**PROBLEM:** Everything from the line with "So, visit hackproof.net." to the line with "So, here we" in the listing below, both lines included, needs to be copied exactly, apart from the pictures.

═════ RECORDS FOR THE EXERCISE ═════

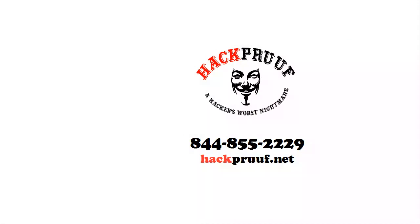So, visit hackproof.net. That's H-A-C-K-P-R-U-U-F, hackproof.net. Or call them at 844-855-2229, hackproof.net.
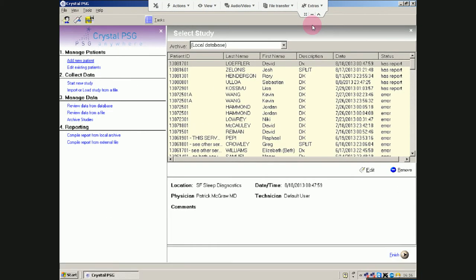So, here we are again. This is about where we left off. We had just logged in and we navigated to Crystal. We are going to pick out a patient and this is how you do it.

═════
═════ RECORDS FOR THE EXERCISE ═════

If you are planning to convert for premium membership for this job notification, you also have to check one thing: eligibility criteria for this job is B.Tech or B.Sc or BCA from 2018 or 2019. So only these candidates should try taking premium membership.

═════
═════ RECORDS FOR THE EXERCISE ═════

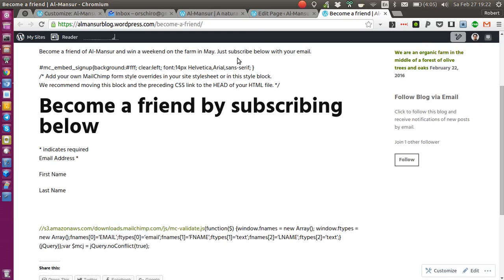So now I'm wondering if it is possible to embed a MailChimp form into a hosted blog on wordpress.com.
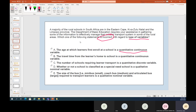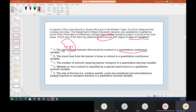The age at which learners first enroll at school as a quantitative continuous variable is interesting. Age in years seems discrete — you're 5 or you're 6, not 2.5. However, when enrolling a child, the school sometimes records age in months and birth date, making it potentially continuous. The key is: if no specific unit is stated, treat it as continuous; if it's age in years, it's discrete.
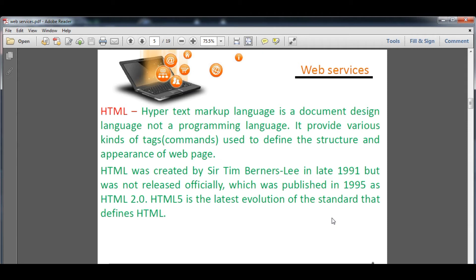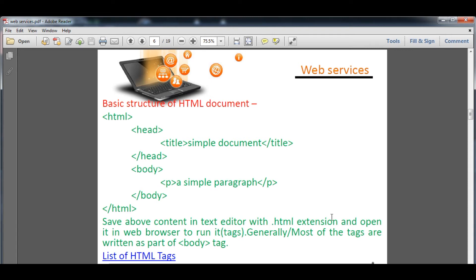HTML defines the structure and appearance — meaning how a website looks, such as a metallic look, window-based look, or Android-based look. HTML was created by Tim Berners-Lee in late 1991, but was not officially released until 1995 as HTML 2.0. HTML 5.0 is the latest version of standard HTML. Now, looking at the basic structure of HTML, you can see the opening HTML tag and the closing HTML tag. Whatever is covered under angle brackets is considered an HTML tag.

═════

**YOUR RESPONSE:**
So, visit hackproof.net. That's H-A-C-K-P-R-U-U-F, hackproof.net. Or call them at 844-855-2229, hackproof.net.
So, here we are again. This is about where we left off. We had just logged in and we navigated to Crystal. We are going to pick out a patient and this is how you do it.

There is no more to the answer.